奴隷として欧米を相手に取引された、黒人たちの魂の表現なのです。

 

彼らの多くは、アフリカから奴隷船で連れてこられました。

そして楽器や会話など、様々な行為が禁止・制限されました。

そのような状況下でも、彼らは足を踏みならしてコミュニケーションをしました。

これが諸説ある中で、最も有力と思われる、タップダンスのルーツです。

 

これは、セヴィオン・グローヴァーさんのトニー賞ミュージカル「ノイズ&ファンク」でも語られていました。

また、HIDEBOHさんの「海に響く軍靴」では、「黒人が成功するには、野球選手かタップダンサーしか、職がなかった」といったTamangoさんの台詞もありました。

 

足を踏みならして感情を表現すること。踊ること。

それらは、人間にとって最も原始的で本能的な行動の1つだろうと思います。

しかし「生きたいように生きる」。

これが叶わない人たちが、たくさんいた時代があります。

そして現代も。

 

最後に、グレゴリー・ハインズさんとジーン・ケリーさんがディナーで語り合ったエピソードを動画で紹介します。

「タップダンスの起源(When – Origins of Tap)」というタイトルの動画では「奴隷だった黒人たちはドラムを持つことを許可されていなかったために、足を踏み鳴らすなどして、体でリズムやムードを表現していた」「1800年代前半に(マスター・ジュバと呼ばれた)ウィリアム・ヘンリー・レーンさんというアフリカ系アメリカ人のジュバダンサーと、ジョン・ダイヤモンドさんというアイルランド系アメリカ人のクラブダンサーとが組んで、各地で競い合った」ことなどが述べられています。

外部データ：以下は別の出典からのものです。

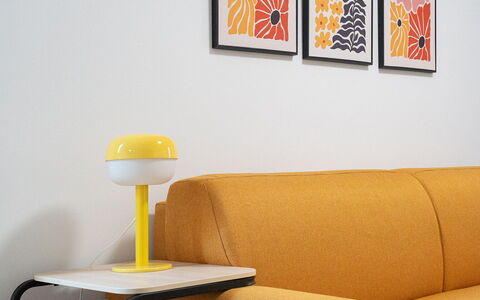 Aselli Home: Mobilia, Giallo, Interior Design, Divano, Soggiorno, Tavolo, Pavimento, Arancia, Pavimentazione, Illuminazione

なお、ジュバダンスとは、足を踏み鳴らすほか、腕や胸や脚など身体の各所を平手打ちしながら踊る、非常にリズミカルな音の発生を伴ったダンスです。

 

追伸

アメリカのエンターテインメントを知る上で、その国の歴史に少し触れておきます。

長らく続いた大航海時代の奴隷貿易も、1800年代に入ると人道的あるいは経済的理由から、ようやく退潮していきます。1776年に独立宣言を行ったアメリカでは、産業革命による工業化を経済的発展の軸としたい北部と、農業中心で奴隷の労働力が必要だった南部とが対立を深めていきます。そして、1861年ついに南北戦争が始まります。その戦火の中、1863年に当時のリンカーン大統領さんは奴隷解放宣言を出し、対立していた南部の奴隷を解放します。そして、そのおよそ2年後に南北戦争は終わりを迎えました。しかし、その宣言によって人種差別がなくなったわけでは、ありませんでした。マルコムXさんや、マーティン・ルーサー・キング牧師さんによる公民権運動によって、アメリカに公民権法が制定されたのは1964年のことですので、実に100年に及ぶ歴史があるのです。